§ **Problem details**
As you reproduce every line below, keep it exactly as written and leave out the images.

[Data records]

==============================

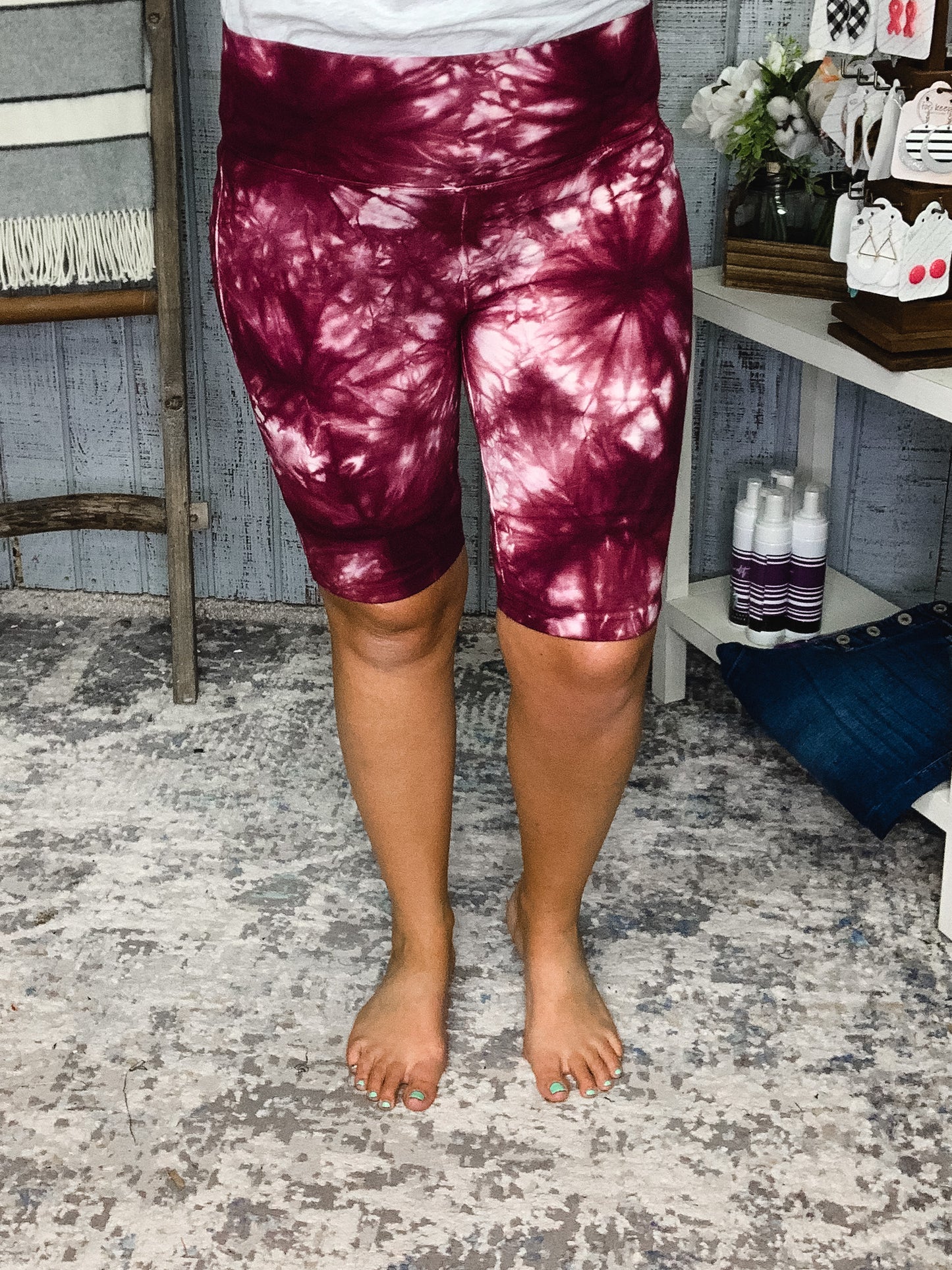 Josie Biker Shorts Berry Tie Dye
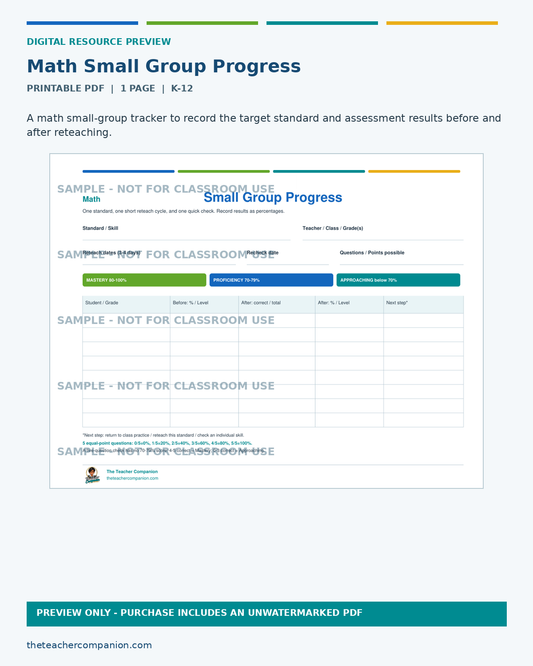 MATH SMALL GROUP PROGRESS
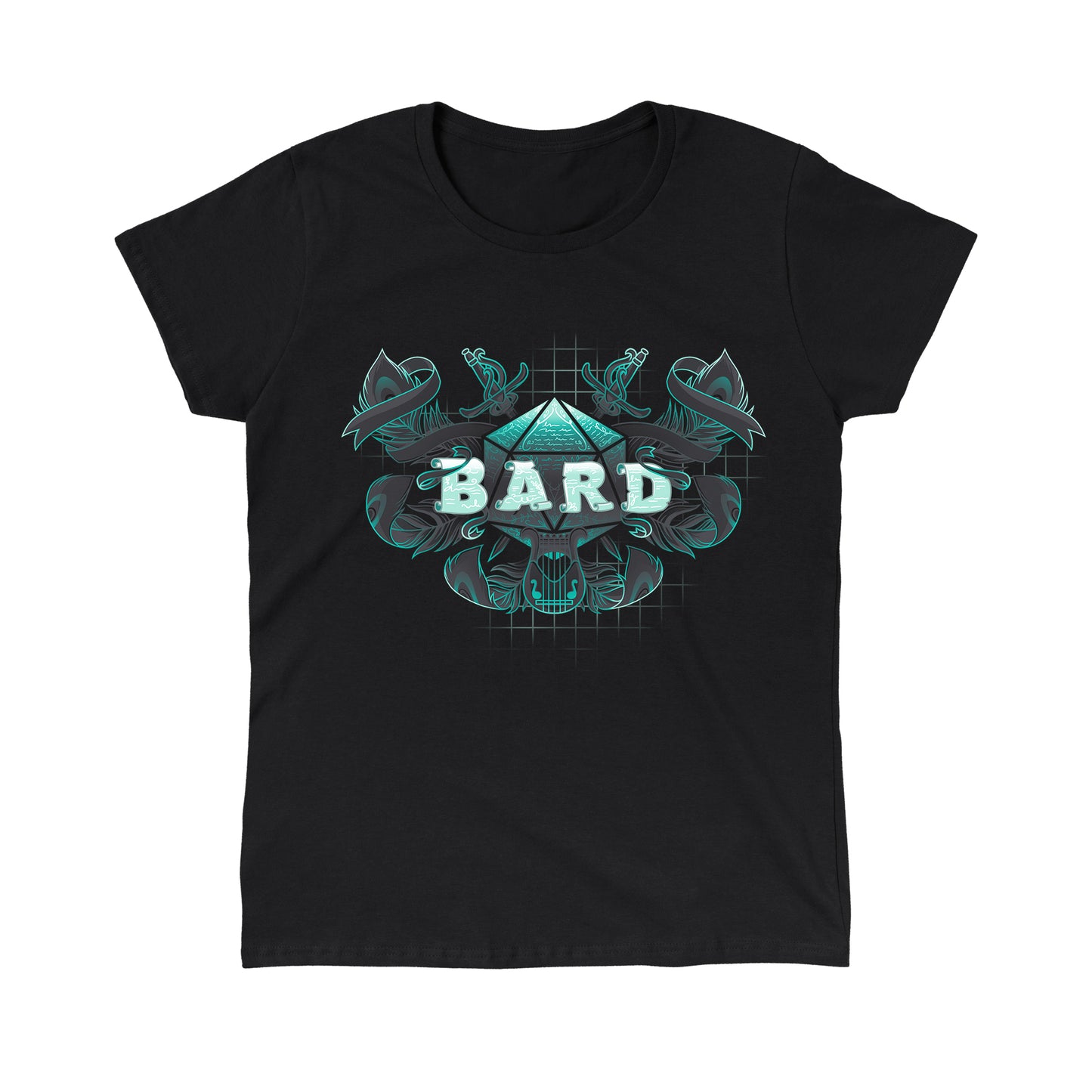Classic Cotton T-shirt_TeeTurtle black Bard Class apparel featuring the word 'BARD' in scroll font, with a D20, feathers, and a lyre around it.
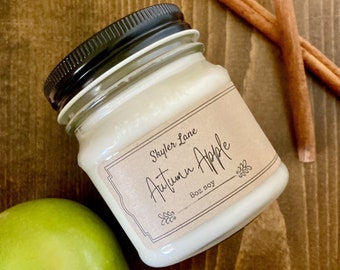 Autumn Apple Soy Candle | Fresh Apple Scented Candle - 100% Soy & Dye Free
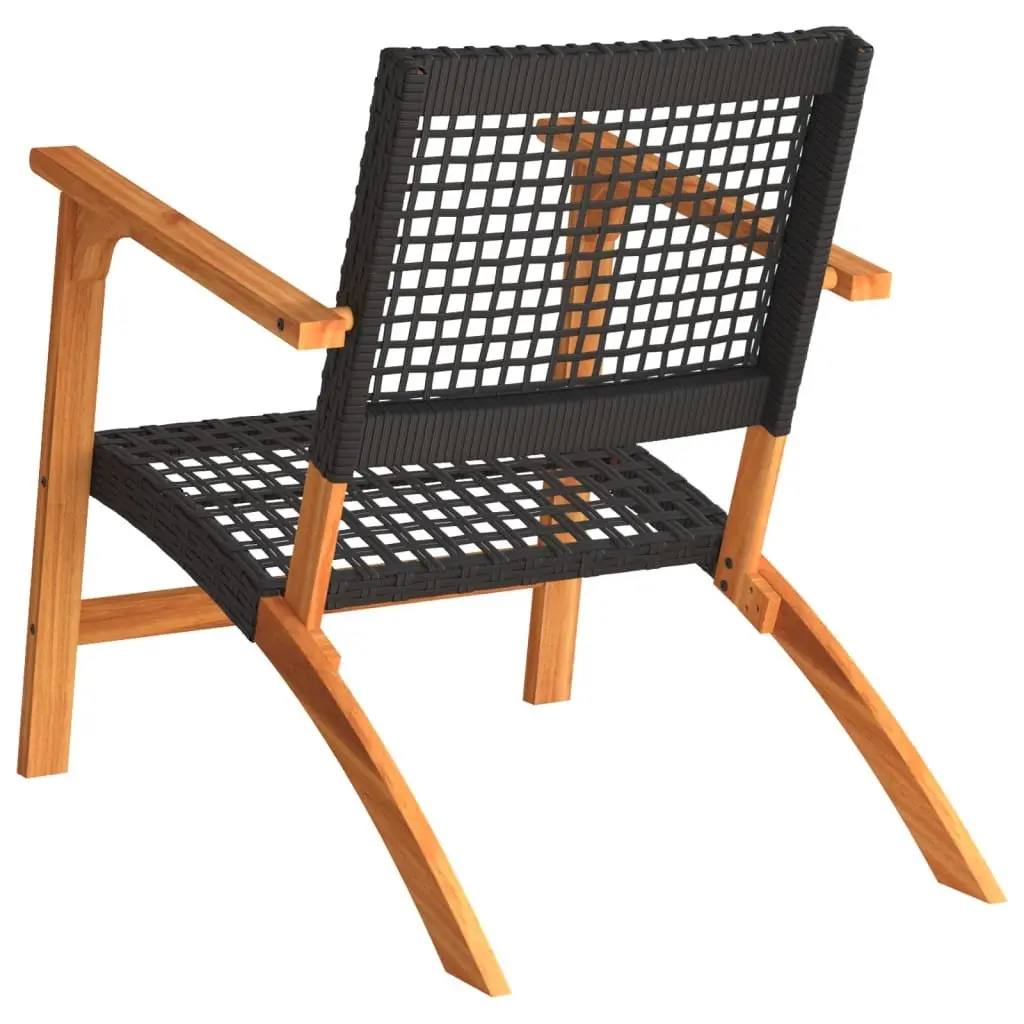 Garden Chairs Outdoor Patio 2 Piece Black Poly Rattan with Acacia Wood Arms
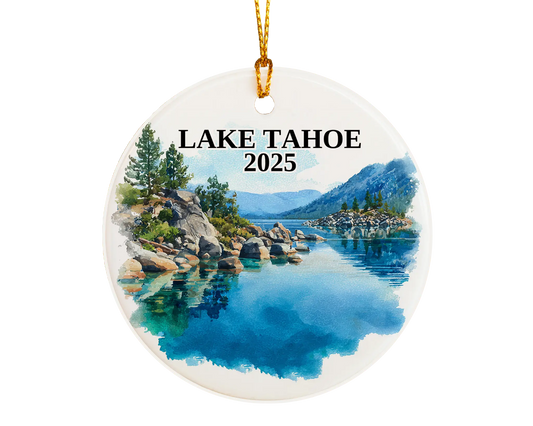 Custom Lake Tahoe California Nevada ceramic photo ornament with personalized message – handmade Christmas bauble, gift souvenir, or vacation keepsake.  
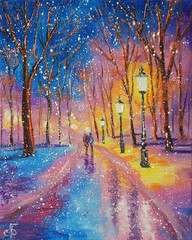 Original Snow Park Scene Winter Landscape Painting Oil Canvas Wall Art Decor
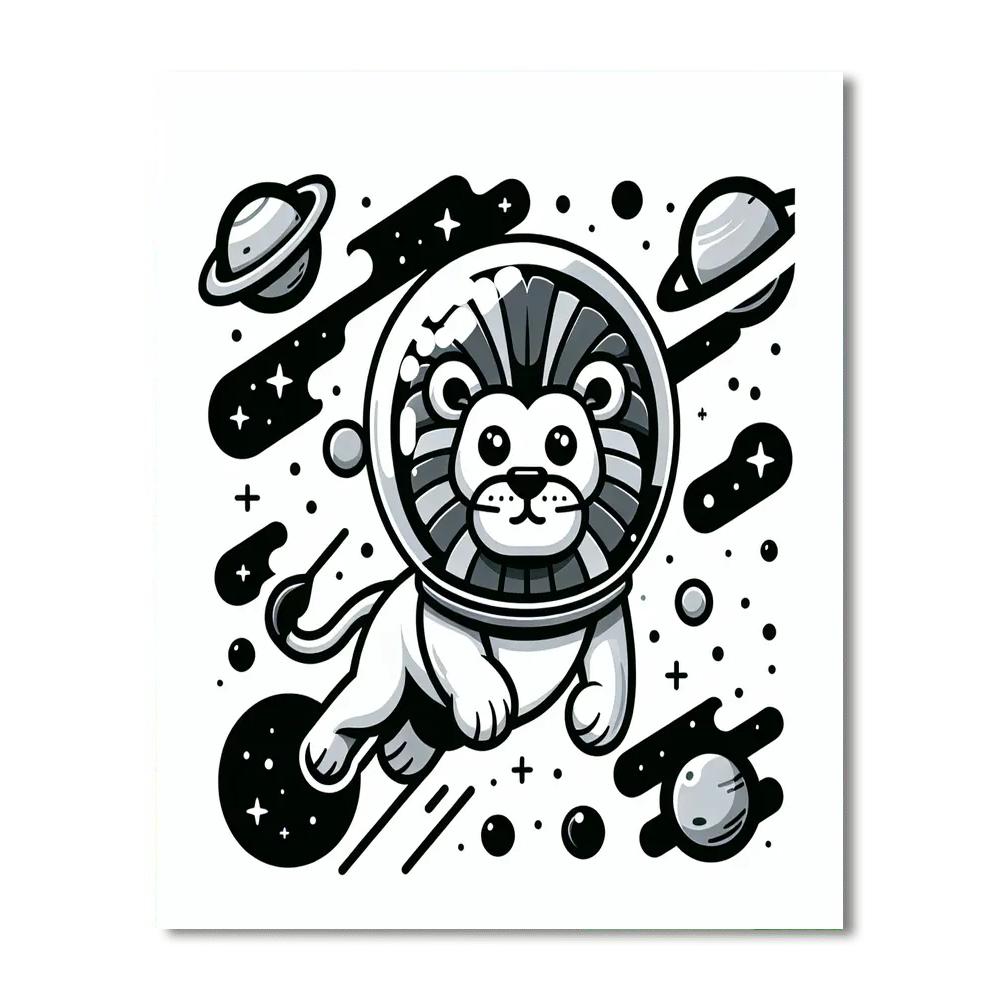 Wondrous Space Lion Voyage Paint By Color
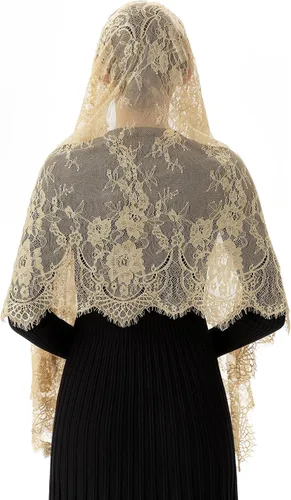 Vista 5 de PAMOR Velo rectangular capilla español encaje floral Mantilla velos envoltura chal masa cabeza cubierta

==============================

§ **Response**
 Josie Biker Shorts Berry Tie Dye
 MATH SMALL GROUP PROGRESS
Classic Cotton T-shirt_TeeTurtle black Bard Class apparel featuring the word 'BARD' in scroll font, with a D20, feathers, and a lyre around it.
 Autumn Apple Soy Candle | Fresh Apple Scented Candle - 100% Soy & Dye Free
 Garden Chairs Outdoor Patio 2 Piece Black Poly Rattan with Acacia Wood Arms
 Custom Lake Tahoe California Nevada ceramic photo ornament with personalized message – handmade Christmas bauble, gift souvenir, or vacation keepsake.  
 Original Snow Park Scene Winter Landscape Painting Oil Canvas Wall Art Decor
 Wondrous Space Lion Voyage Paint By Color
 Vista 5 de PAMOR Velo rectangular capilla español encaje floral Mantilla velos envoltura chal masa cabeza cubierta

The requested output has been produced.